Sober Book Review: The Four Agreements
The Four Agreements: A Practical Guide to Personal Freedom, a Toltec Wisdom Book by don Miguel Ruiz, is a quick read and chock-full of useful wisdom for everyone but especially for us recovering addicts. The key to freedom is to become aware of our irrational and limiting thoughts so that we can replace them with healthy thoughts. This book is about ancient Toltec wisdom but it could be a primer for cognitive behavioral therapy, like that used in addiction treatment.
The Four Agreements:
1. “Be Impeccable with your Word: Speak with integrity. Say only what you mean. Avoid using the Word to speak against yourself or to gossip about others. Use the power of your Word in the direction of truth and love.”
This is like the saying, “the tongue has no bones but is strong enough to break a heart, be careful with your words.” And it is just important that we be impeccable with our word not just for others but for ourselves. Because we are also listening to what we say and think. This first agreement refers to changing all of our negative self-talk, as well. What we hear ourselves saying is what we believe about ourselves. Change your story and your self-limiting beliefs will change, too.
2. “Don’t Take Anything Personally: Nothing others do is because of you. What others say and do is a projection of their own reality, their own dream. When you are immune to the opinions and actions of others, you won’t be the victim of needless suffering.”
Another saying comes to mind here: It is none of our business what others think of us. It is not worth the time or energy to wonder and worry about what others might be thinking about us. Again, this sort of thing is detrimental to our well-being. Never mind what others think or say, it is a reflection of what they are obsessed with and it’s usually about themselves. Being able to not take things personally is the healthiest way to go through life.
3. “Don’t Make Assumptions: Find the courage to ask questions and to express what you really want. Communicate with others as clearly as you can to avoid misunderstandings, sadness and drama. With just this one agreement, you can completely transform your life.”
It’s true, as important as agreements 1 and 2 are, if you take anything from the book, it should be this: don’t assume. Be a good communicator and encourage others to be as well. If you don’t understand why someone is acting a certain way or says something that might be off-putting, get clear, don’t just assume. This will only lead to misunderstandings which can then spiral into something worse.
4. “Always Do Your Best: Your best is going to change from moment to moment; it will be different when you are healthy as opposed to sick. Under any circumstance, simply do your best, and you will avoid self-judgment, self-abuse, and regret.”

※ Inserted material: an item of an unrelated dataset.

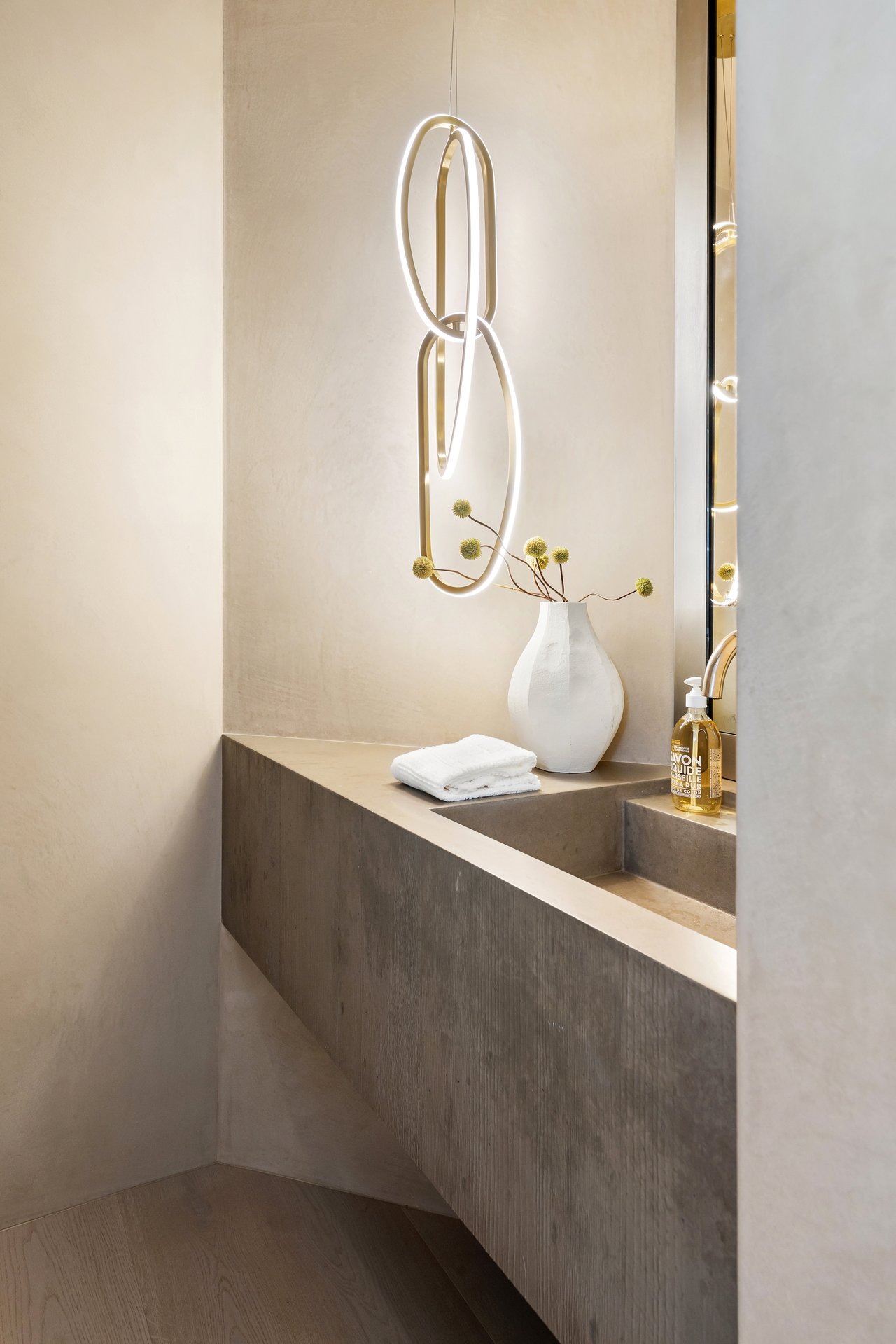 Erin Martin-Designed View Apartment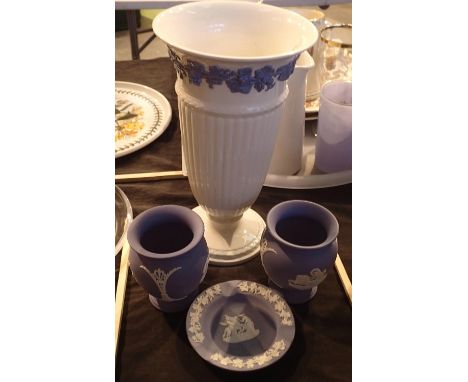 Four pieces of Wedgewood to include Jasperware and a Queens Choice vase. Not available for in-house P&amp;P, contact Paul O'H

A good way to change our negative self-talk is to follow this agreement. That way, you will begin to acknowledge yourself for doing your best rather than beat yourself up if you do not succeed in the way you expected. We all know what it means to do our best; perhaps that is why we tend to be so hard on ourselves – when we know we weren’t really giving something our all. By always doing your best, you can begin to feel better about yourself.